Best regards, Julian

1.  Introduction

    In HTTP/1.1 (see [RFC7230]), header fields are not compressed.  As
    Web pages have grown to include dozens to hundreds of requests, the

s/include/cause/ (the page doesn't really include requests)

1.1.  Overview

    The format defined in this specification treats a list of header
    fields as an ordered collection of name-value pairs that can include
    duplicates.  Names and values are considered to be opaque sequences
    of octets, and the order of header fields is preserved after being
    compressed and decompressed.

When we say duplicate here, it's about duplicate *names*, right?

2.1.  Header List Ordering

    HPACK preserves the ordering of header fields inside the header list.
    An encoder MUST order header field representations in the header
    block according to their ordering in the original header list.  A
    decoder MUST order header fields in the decoded header list according
    to their ordering in the header block.

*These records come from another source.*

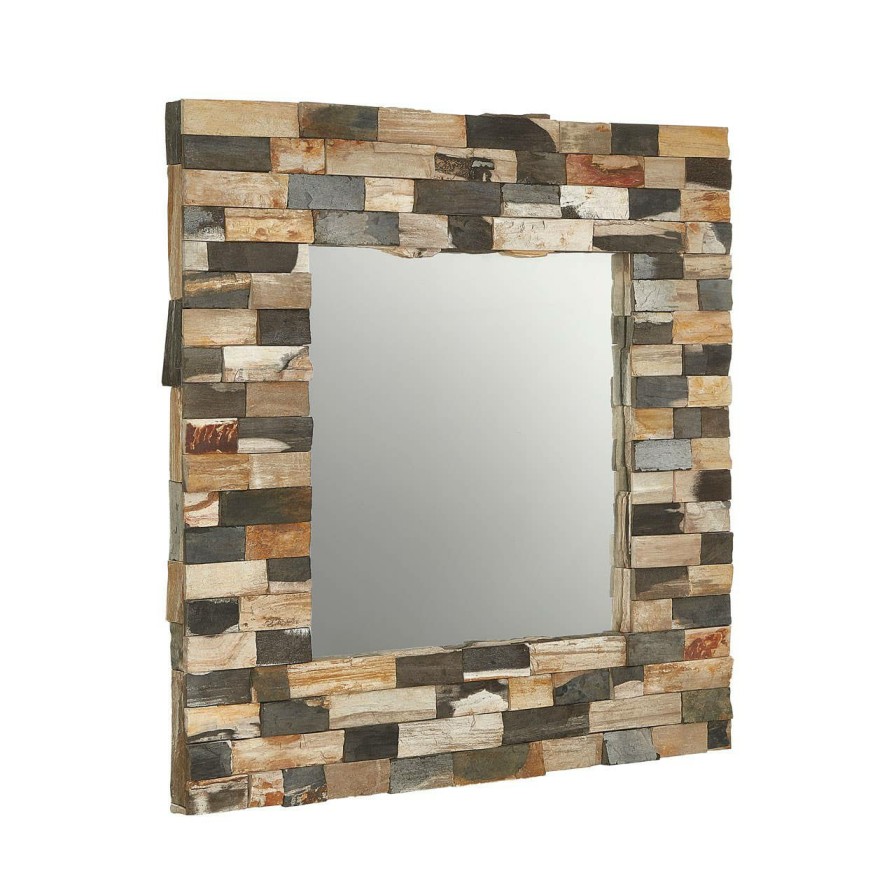 Bathe and Utility Fifty Five South Mirrors | Relic Tile Wall Mirror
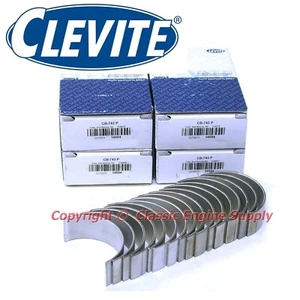 Set of 8 Clevite .020" Undersize Rod Bearings Chevy bb 348 396 409 427 454 496 - Picture 1 of 1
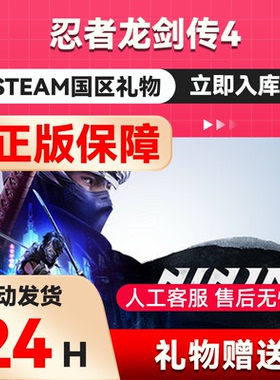 steam正版 忍者龙剑传4 好友礼物 国区礼物  正版礼物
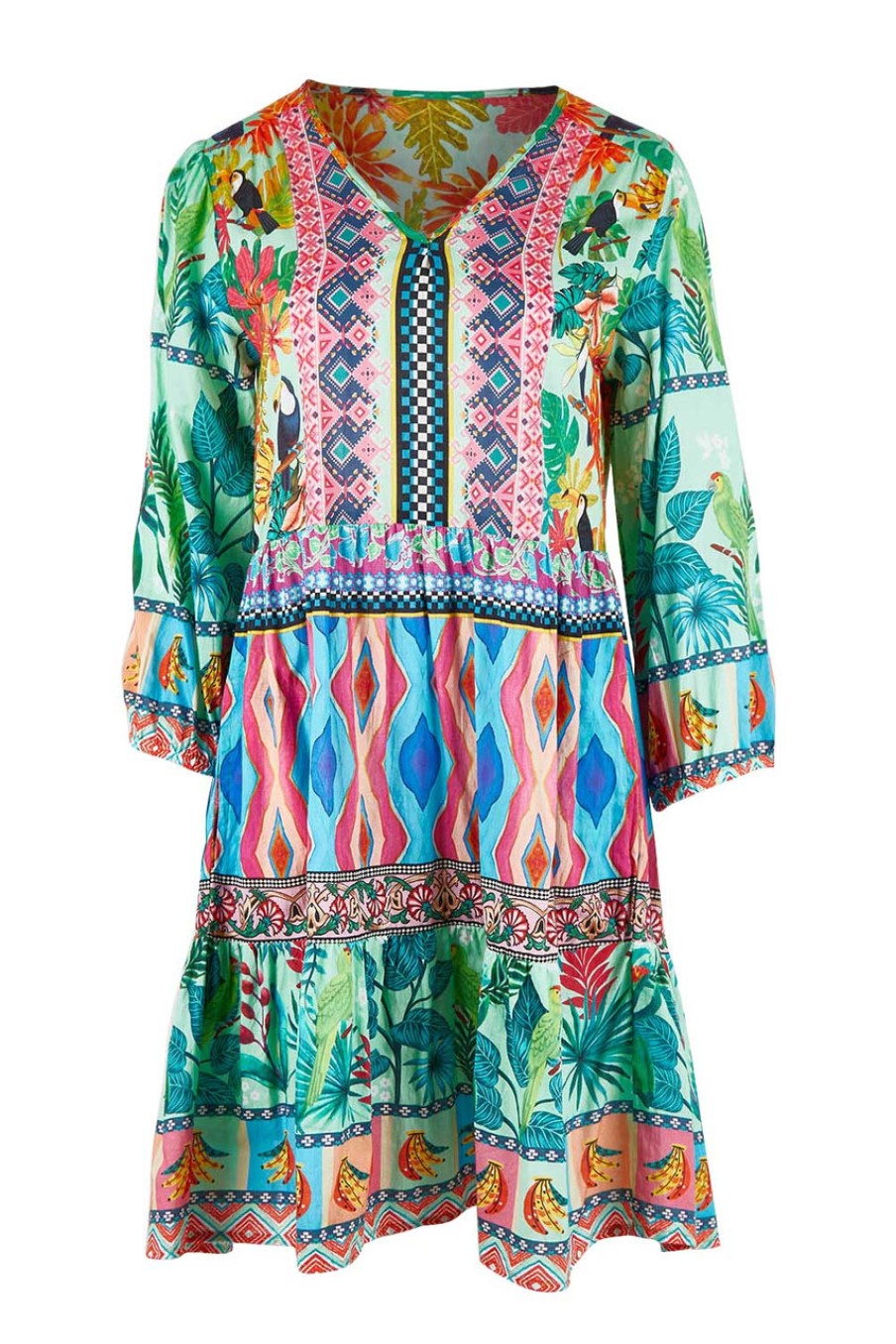 Dresses Lula Life | Toucan Dress Print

Just before we said that we do not define the encoder. Maybe reprase the 
first MUST as a statement of fact.

2.3.2.  Dynamic Table

    The dynamic table can contain duplicate entries.  Therefore,
    duplicate entries MUST NOT be treated as an error by a decoder.

What's the definition of "duplicate" here? Name and value match?

3.2.  Header Field Representation Processing

    The processing of a header block to obtain a header list is defined
    in this section.  To ensure that the decoding will successfully
    produce a header list, a decoder MUST obey the following rules.

"This section defines..."

4.1.  Calculating Table Size

    The size of the dynamic table is the sum of the size of its entries.

    The size of an entry is the sum of its name's length in octets (as
    defined in Section 5.2), its value's length in octets (see
    Section 5.2), plus 32.

Remove one of the references to Section 5.2.

    The size of an entry is calculated using the length of the name and
    value without any Huffman encoding applied.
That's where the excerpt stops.